I was born later, (no offence Ingélou) but in my time the 1990 it was the same it's only now that I see a bit movement towards it.
The attenders to the MET Live transmission in my city changed that drastic in the years I am attending. So, there is still hope.


----------



## mountmccabe (May 1, 2013)

I have a good number of friends and acquaintances that are fans of more pop/rock-oriented music, generally liking a wide variety of such music. A small minority expressed some interest/showed some knowledge of classical music. Scattered few are opera fans.

Some that liked experimental music had some cross-over with modern classical and opera; I know a good number saw _Einstein on the Beach_ as it toured a few years ago (though I have a hard time calling that modern anymore). There were a few other points of entry such as this, but in my opinion the general contempt from most general opera goers for modern opera and the general opinion (in the culture as a whole) of opera as old-fashioned and dead has combined such that few were inspired to explore other opera.

For a long time I was in a similar position; I was listening to a wide range of music, including a lot of classical works. I tended to focus on 20th century composers, many of whom were ignored by the local symphony and other organizations. I didn't see attending the symphony as much of a thing, because they didn't play what I was most excited to hear. Of course I liked Beethoven and so on, but I didn't feel the need to attend performances of his symphonies yearly. [Similarly, I listened to a lot of popular styles, but I didn't attend shows for everyone]. So I'd occasionally go to the symphony, when I found out they were playing Martinů or some such.
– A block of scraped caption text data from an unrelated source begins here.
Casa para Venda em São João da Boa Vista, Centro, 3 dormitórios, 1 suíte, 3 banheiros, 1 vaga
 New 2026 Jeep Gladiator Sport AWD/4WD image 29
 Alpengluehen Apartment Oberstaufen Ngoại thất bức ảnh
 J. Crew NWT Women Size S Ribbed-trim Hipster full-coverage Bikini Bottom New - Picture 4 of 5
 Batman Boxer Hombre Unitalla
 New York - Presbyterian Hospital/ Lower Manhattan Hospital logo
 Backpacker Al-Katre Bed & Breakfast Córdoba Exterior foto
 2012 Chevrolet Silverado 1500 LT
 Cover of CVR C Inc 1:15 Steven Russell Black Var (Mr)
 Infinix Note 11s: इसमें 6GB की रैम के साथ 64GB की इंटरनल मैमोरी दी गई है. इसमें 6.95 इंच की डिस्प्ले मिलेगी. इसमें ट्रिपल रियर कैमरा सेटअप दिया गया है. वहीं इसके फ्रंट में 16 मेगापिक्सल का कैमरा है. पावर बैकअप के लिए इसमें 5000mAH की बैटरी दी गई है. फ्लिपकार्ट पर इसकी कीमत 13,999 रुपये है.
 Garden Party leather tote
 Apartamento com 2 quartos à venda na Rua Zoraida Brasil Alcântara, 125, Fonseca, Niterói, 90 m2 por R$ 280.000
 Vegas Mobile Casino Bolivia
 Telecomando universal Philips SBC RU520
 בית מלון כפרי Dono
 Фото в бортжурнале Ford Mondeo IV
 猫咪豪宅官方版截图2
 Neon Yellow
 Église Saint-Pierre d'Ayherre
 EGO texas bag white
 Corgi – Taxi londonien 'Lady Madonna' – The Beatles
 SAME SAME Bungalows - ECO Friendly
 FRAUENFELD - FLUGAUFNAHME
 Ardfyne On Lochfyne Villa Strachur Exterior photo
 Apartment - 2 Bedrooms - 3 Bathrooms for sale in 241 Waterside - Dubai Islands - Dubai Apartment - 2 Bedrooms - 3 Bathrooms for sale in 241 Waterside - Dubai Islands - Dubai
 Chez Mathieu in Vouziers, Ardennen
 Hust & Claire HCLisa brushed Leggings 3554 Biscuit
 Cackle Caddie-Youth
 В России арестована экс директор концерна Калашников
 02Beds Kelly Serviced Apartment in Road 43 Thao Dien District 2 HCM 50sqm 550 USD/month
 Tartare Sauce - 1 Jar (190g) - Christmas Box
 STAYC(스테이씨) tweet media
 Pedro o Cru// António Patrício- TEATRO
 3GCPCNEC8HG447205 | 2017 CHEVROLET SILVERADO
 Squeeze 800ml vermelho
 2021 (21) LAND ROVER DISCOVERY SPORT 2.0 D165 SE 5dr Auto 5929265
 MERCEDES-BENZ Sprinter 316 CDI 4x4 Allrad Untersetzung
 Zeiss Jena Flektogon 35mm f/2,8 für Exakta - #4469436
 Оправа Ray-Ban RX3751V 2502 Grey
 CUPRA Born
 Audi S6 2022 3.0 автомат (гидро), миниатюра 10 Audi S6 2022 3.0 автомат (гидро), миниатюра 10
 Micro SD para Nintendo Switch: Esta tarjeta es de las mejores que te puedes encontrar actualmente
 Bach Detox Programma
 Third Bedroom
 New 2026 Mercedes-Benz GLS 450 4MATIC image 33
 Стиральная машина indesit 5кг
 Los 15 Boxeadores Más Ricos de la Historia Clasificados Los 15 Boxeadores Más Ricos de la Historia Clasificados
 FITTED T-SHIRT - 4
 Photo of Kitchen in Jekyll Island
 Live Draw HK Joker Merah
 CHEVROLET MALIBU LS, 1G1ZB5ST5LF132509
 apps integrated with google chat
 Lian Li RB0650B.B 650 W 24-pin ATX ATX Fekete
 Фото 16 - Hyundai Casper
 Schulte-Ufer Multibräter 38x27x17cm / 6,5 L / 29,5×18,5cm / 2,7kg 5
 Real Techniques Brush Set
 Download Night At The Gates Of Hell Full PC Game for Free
Attending the opera was similar, but even more extreme. Arizona Opera had a season of 5 operas per year. There was some variety and certainly many operas I would have enjoyed, but their repertoire is mostly classic works that appeal to long-time, dedicated opera fans (that want to see the classic works over and over) and those new to opera (and have not already seen _Carmen_ and _Le nozze di Figaro_ many times over).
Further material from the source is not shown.